Everytime The Factory by Rahul Roy is screened across the country, a tribute is paid to the struggle of Maruti workers against the company in Manesar.

The documentary revisits the lives of the workers, who are still fighting the management of Maruti Suzuki. The workers strike gained maximum attention from 2011 to 2013.  The struggle which was initially about the company’s corporate structure, gradually became about the government, the judiciary, the environment and lastly, poverty — all of which is given apt importance in the film, in descending order.

On July 18, 2012, when the managing director of the plant died in a suspicious fire accident amidst the violent rift between the management and the workers, 147 workers were jailed on murder charges, out of which around 30 are still in jail. Most of them were part of the union which was already struggling against the company’s regulations, the main being the good conduct bond.

The struggle is shown in a Kafkaesque sense, where the lives of the Maruti workers outside jail, and also the ‘absent’ faces inside, are intertwined in personal turmoil as well as with the district and High Court. The one-and-a-half hour long film follows their daily lives and their journey which is close to K’s journey to the castle in The Castle by Franz Kafka. It is disheartening and painful to see families of those whose monthly income was nothing more than Rs 8,000 to Rs 10,000 losing their only earning member to a “not a strong case.”

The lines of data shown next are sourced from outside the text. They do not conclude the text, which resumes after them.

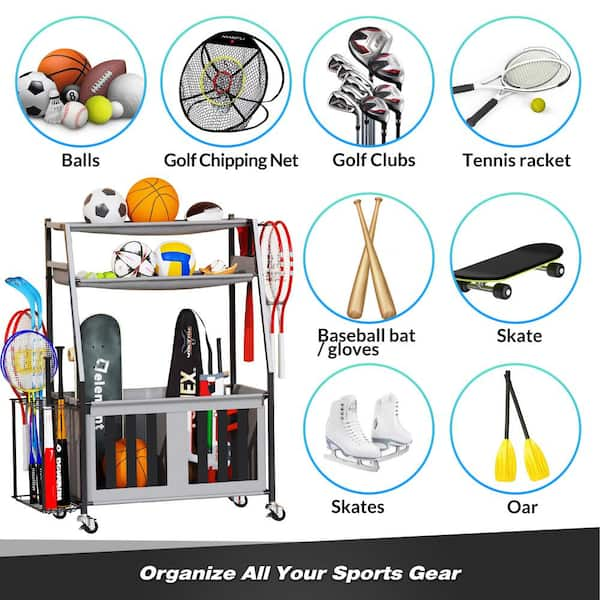 Sttoraboks 200 lbs. Capacity Sports Organizers Rack for Garage Storage, Sports Equipment Organizer with Bat Rack and Hooks, Black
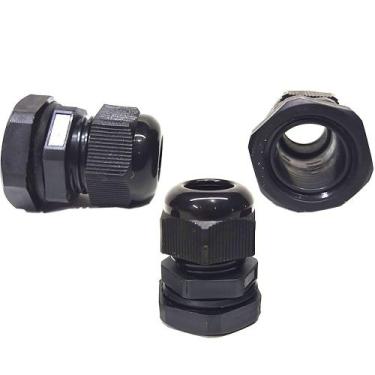 Imagem de Kit 5 Prensa Cabo BSP 1/2 Nylon com Vedação IP68 Fio Preto - 3MAJ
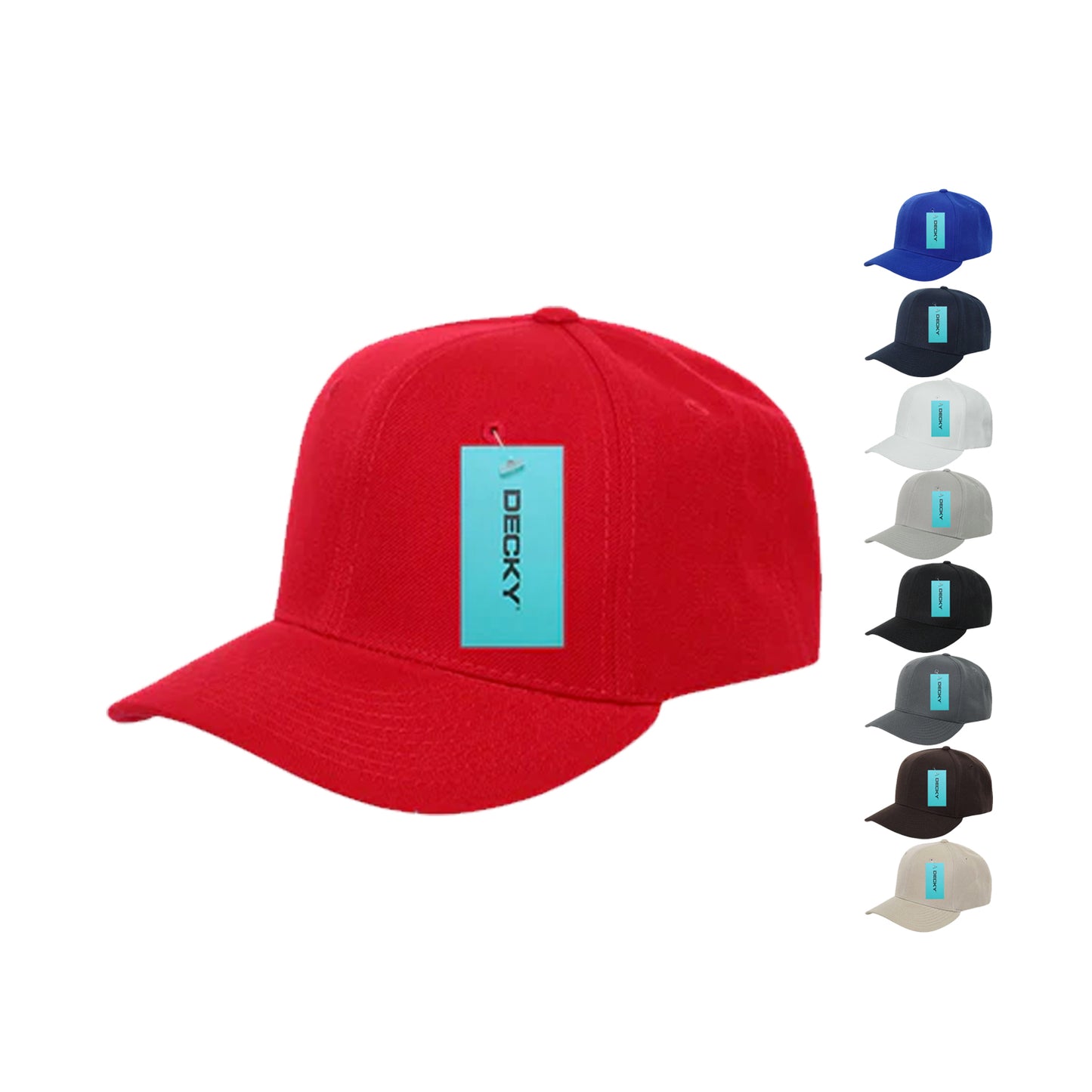 Decky 306 Pro Baseball Curved Bill Hats Mid Profile 6 Panel Snapback Caps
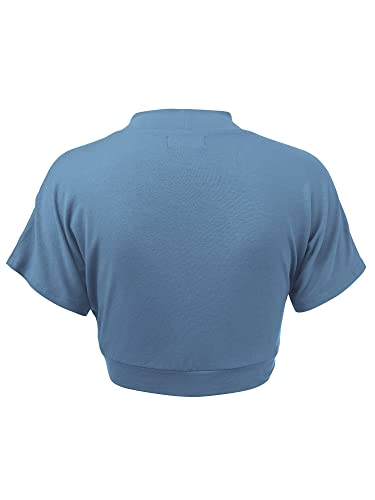 Image of Lock and Love Women's Versatile Open Front Lightweight Short Sleeve Bolero Shrug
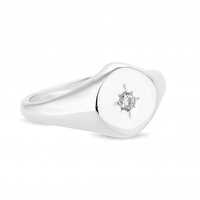 Sterling Silver 925 White Cubic Zirconia Signet Ring Sized Ring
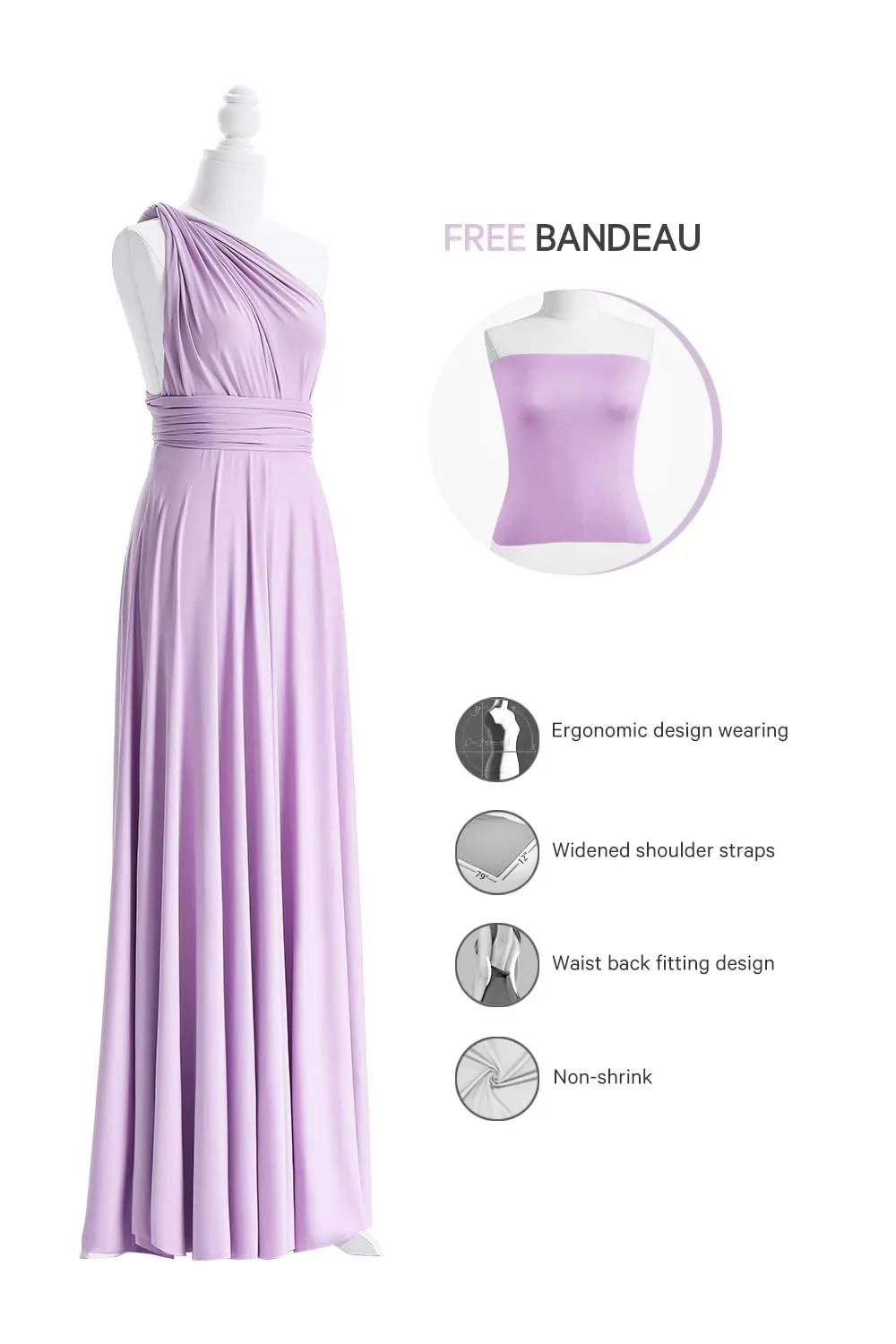 72styles Abito Cerimonia Donna Vestito Elegante Infinity Damigella d'Onore - immagine 3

On one hand we see Maruti Suzuki gaining more shares in the country with a car rolling out of the plant every 50 seconds, on the other hand we hear the story of these struggling workers who worked for eight hours a day, with 30 minutes recess (which they claimed to be 10 minutes) and a seven minute tea break.

Though the jail and courtrooms were always talked about, there are no shots from inside the jail or the courtroom in the film. “This was done on purpose. I wanted to show only the outside of the jail and how there’s more struggle outside that structure,” says Rahul Roy, director.

Even if the jailed unionists are ‘absent’ on screen, their semblance is felt throughout the film. In one shot a wife receives a letter from her husband in jail, who declares his love for her and also the struggle.

When one starts understanding the discrepancies of the famous tarik pe tarik system of the judicial system in India, Roy takes us through the environmental hazards the Maruti Suzuki plant caused over the years. The most dangerous one being the blocked rainwater trails which joined the Yamuna before the plant was constructed right on top of four such trails. The environmental hazard leads us to square one — the government — that allotted the land to Maruti Suzuki where these trails moved freely. The film is observational, where one sees facts, and they are not narrated or projected in texts.